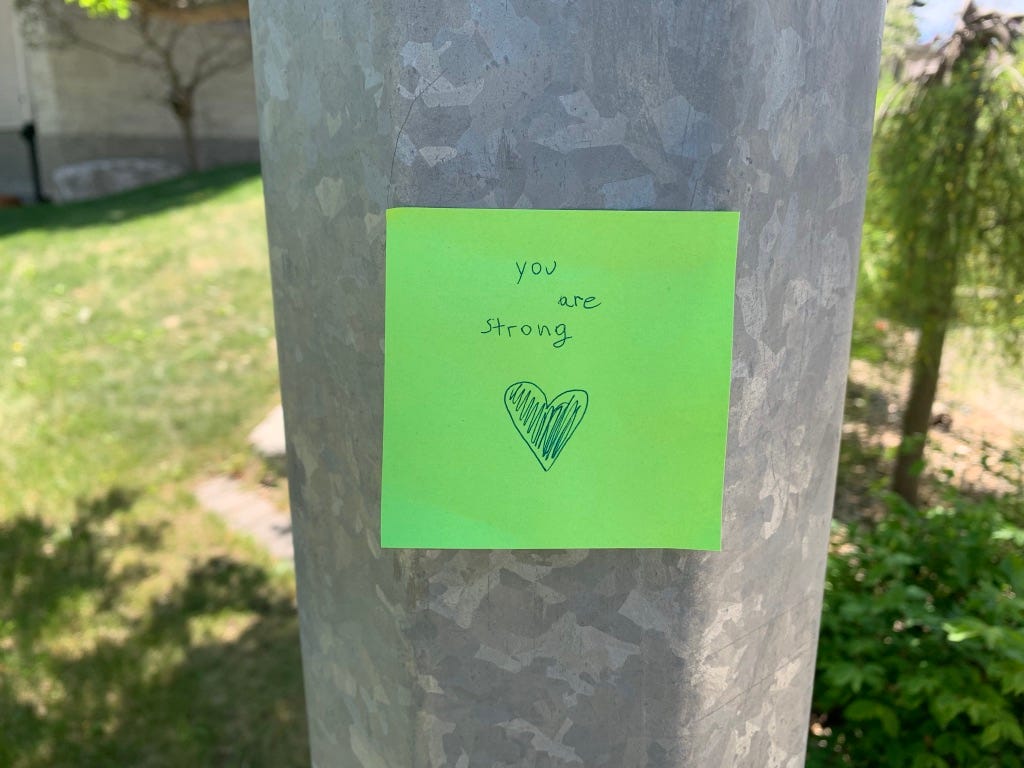 Lime green sticky note on a light post saying, “You are strong.”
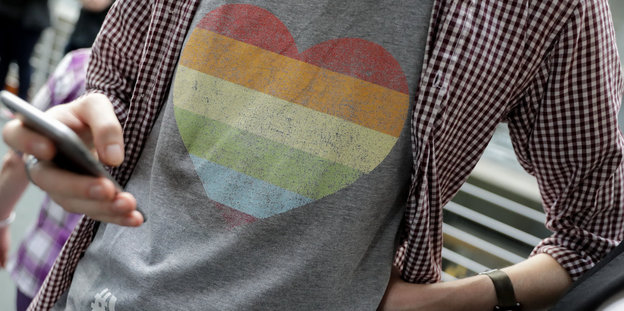 Ein Mann mit einem regenbogenfarbenen Herz auf dem T-Shirt tippt mit einer Hand auf seinem Handy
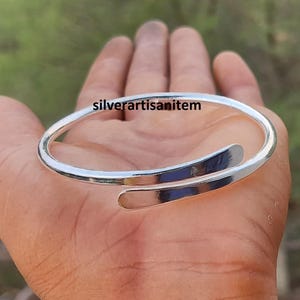 Op de afbeelding: Een zilverkleurige manchetarmband met een open ontwerp. De armband wordt in een hand gehouden en de tekst "silverartisanitem" is zichtbaar. De armband heeft een glad, reflecterend oppervlak.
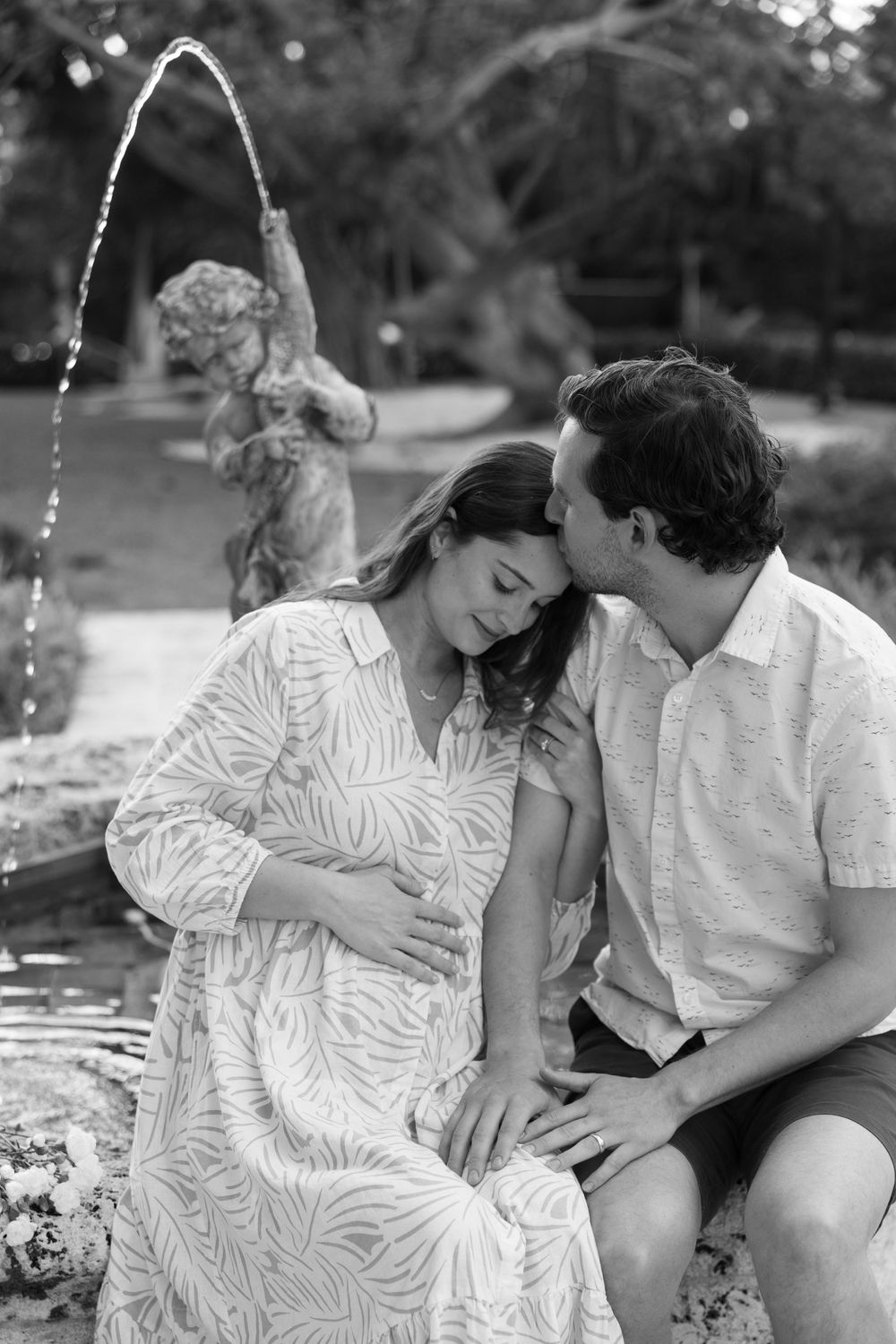 Golden Hour Maternity Session in Palm Beach, Florida captured by Lindsay McDow Photography featuring flowers, foliage, arches, and stairs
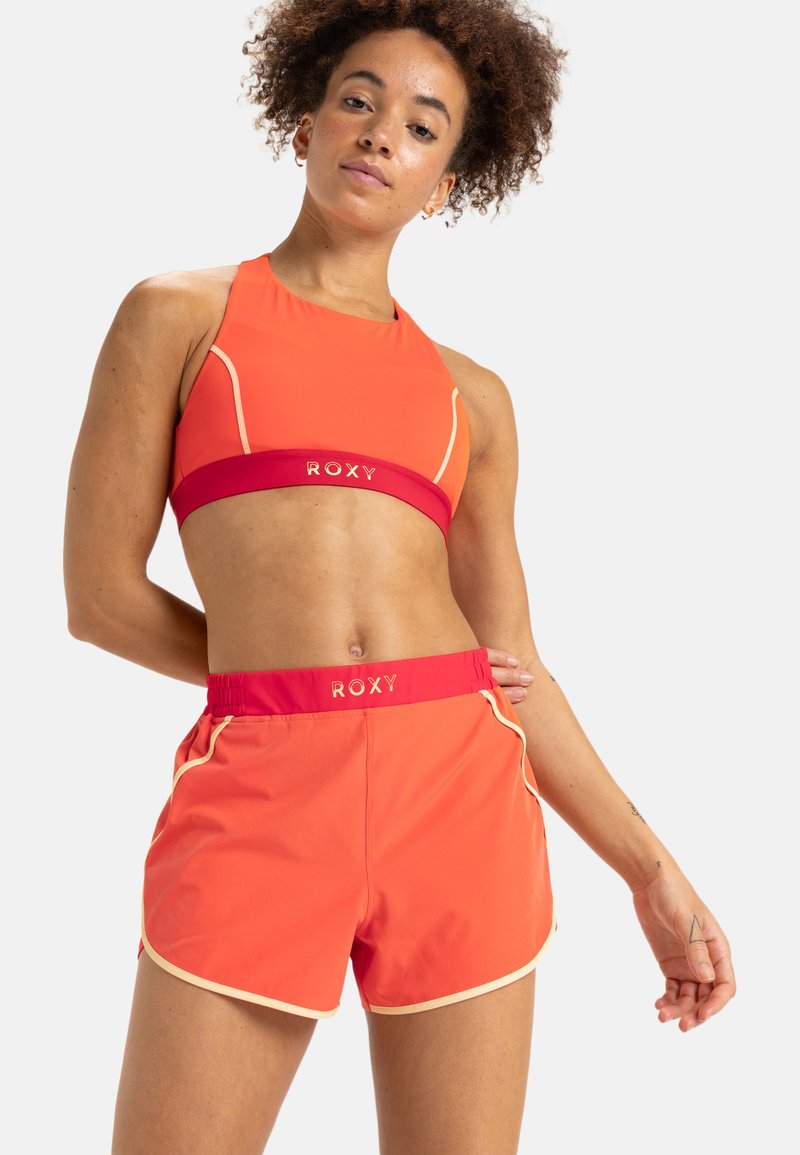 Felkleurige oranje sportbeha en bijpassende korte broek. De korte broek heeft een rode tailleband met het "ROXY"-logo en contrasterende crèmekleurige piping. Gladde stofstructuur.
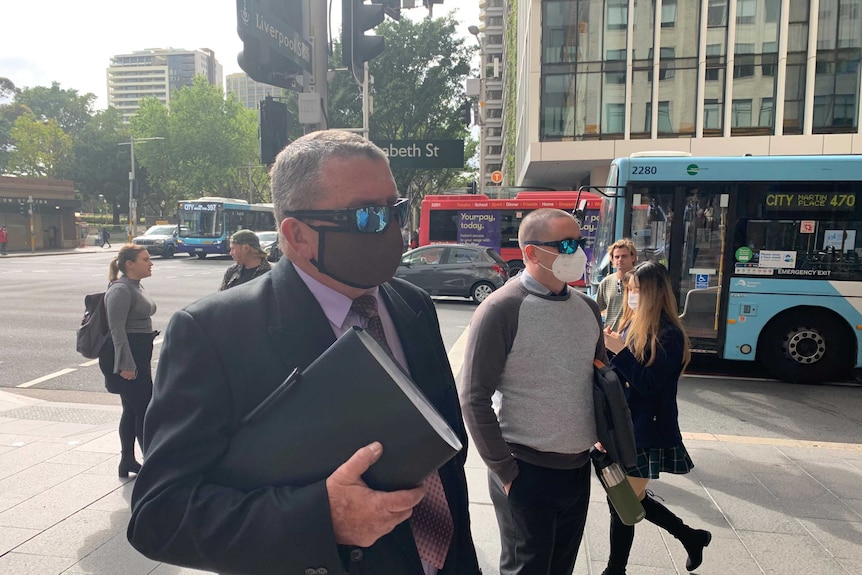 A man in a mask and sunglasses and a suit on a street in Sydney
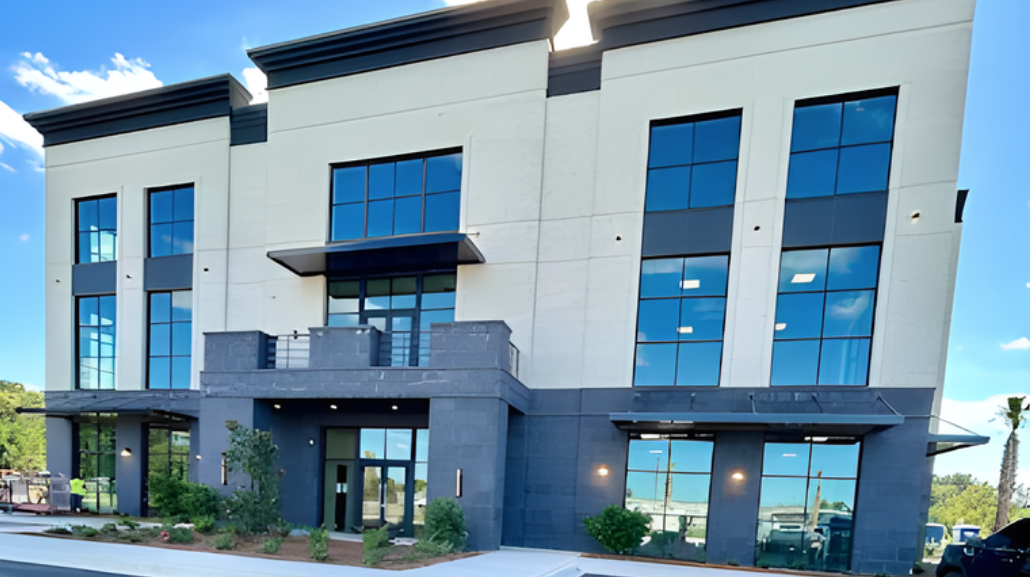 Modern two-story building with large windows and a dark gray facade. Blue sky in the background.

**Work item**
Could the entries above be retyped exactly, with the pictures left out?

**Written reply**
 Lime green sticky note on a light post saying, “You are strong.”
 Ein Mann mit einem regenbogenfarbenen Herz auf dem T-Shirt tippt mit einer Hand auf seinem Handy
 Op de afbeelding: Een zilverkleurige manchetarmband met een open ontwerp. De armband wordt in een hand gehouden en de tekst "silverartisanitem" is zichtbaar. De armband heeft een glad, reflecterend oppervlak.
 Golden Hour Maternity Session in Palm Beach, Florida captured by Lindsay McDow Photography featuring flowers, foliage, arches, and stairs
 Felkleurige oranje sportbeha en bijpassende korte broek. De korte broek heeft een rode tailleband met het "ROXY"-logo en contrasterende crèmekleurige piping. Gladde stofstructuur.
 A man in a mask and sunglasses and a suit on a street in Sydney
 Modern two-story building with large windows and a dark gray facade. Blue sky in the background.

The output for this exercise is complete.